Ela entende a matemática principalmente em relação à civilização grega, em particular em relação a Platão  e aos pitagóricos.  Na sua interpretação dessa civilização que tanto amava, ela não considerava a matemática apenas como uma mera disciplina formal e abstrata, mas também, e, sobretudo, como a verdadeira ciência da natureza e como uma mística. Em outras palavras, a matemática era um metaxu que permitia unir planos diferentes de realidade. Esse duplo aspecto da matemática é, portanto, essencial para que se compreenda a importância que suas reflexões sobre a matemática terá no desenvolvimento de sua obra e de sua relação e apreciação de diversos pensadores, tais como Platão e Descartes , dois dos mais importantes filósofos que influenciaram a sua filosofia.
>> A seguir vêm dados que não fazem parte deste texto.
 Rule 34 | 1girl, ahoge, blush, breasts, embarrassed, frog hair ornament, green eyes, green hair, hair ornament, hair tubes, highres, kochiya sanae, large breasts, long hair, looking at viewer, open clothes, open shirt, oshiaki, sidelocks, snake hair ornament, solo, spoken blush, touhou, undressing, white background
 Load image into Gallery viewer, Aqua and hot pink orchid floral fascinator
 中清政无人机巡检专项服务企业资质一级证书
IHU On-Line - Seria possível afirmar que Simone Weil possuía uma compreensão mística das ciências, em especial da Matemática?
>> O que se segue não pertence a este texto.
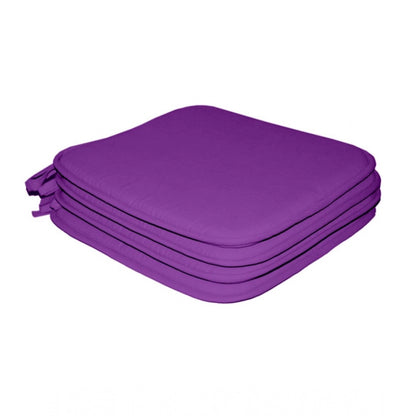 Pack Of_4 Cotton Blended Solid Chairpads (Purple, Size: 15x15 In)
Fernando Rey Puente - Sem dúvida, ela pensava que a matemática e as ciências em geral deveriam ser revestidas de uma dimensão mística, ou seja, elas deveriam nos levar a Deus. Para Weil, a ciência grega nada mais era do que uma ponte para nos conectar a Deus. Mas, cabe ressaltar, ela, de modo algum, tinha um projeto nostálgico de retorno ao mundo grego. O que queria mesmo era repensar uma nova ciência que pudesse ser “lida” também num plano místico. Uma ciência que estivesse à altura de nossa civilização do trabalho, algo que nem mesmo os gregos, que ela tanto estimava, chegaram a compreender. Por isso, enfatiza o trabalho como a especificidade de nossa civilização, e, necessariamente, deveria ser em torno a essa noção de trabalho que uma nova espiritualidade deveria se erguer.

IHU On-Line - Simone Weil tinha duas grandes paixões: o Cristianismo e a cultura ou a tradição grega. Como ela aproxima essas duas forças tão presentes em sua vida?
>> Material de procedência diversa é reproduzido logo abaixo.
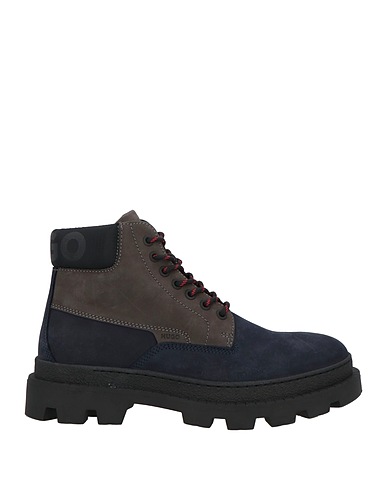 HUGO Ankle boot Navy blue Leather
Fernando Rey Puente - De fato, essa aproximação me parece constituir a verdadeira chave para a compreensão de sua obra, que deve ser entendida como uma ampla reflexão sobre as culturas. Trata-se de uma hermenêutica das culturas pensada de modo original e singular.

A estratégia teórica que está por trás de sua interpretação reside em uma dupla operação exegética que ela empreende: por um lado mostrar que o mundo grego se insere em um contexto mundial no qual todos ou quase todos (à exceção os romanos) os povos da Terra receberam uma revelação divina, inclusive os gregos. Ou seja: contrariamente à ideia tão propalada que na Grécia teria ocorrido algo único – o triunfo da razão autônoma e soberana - que se entende como o nascimento da razão e o abandono do mito, ela pensa que a própria ciência grega nada mais é do que a revelação particular que essa civilização recebeu para mediar a distância por eles sentida entre a transcendência do Bem (exposta em Platão) e a miséria dos homens (apresentada em suas tragédias). Por outro lado, ela tenta mostrar que o cristianismo é essencialmente filosófico e científico, e que nada foi mais danoso para o mesmo do que a separação que começou a haver entre a ciência e a religião cristã a partir do Renascimento. Ora, a identidade entre os conceitos de logos e arithmos permite a ela reler a tradição grega e a tradição cristã em nova chave hermenêutica. Assim, o logos do início do Evangelho de João é lido não como “verbo”, mas sim como “mediação” no sentido matemático.

Igualmente, ela pode “ler” no reencontro de Orestes  e Antígona  o reencontro da alma humana com Cristo. Em suma, ela elabora um complexo método de “leitura” (um conceito central para ela) que a capacita a “ler” diversas analogias entre fatos e culturas aparentemente diversos e desconexos com imensa facilidade e originalidade.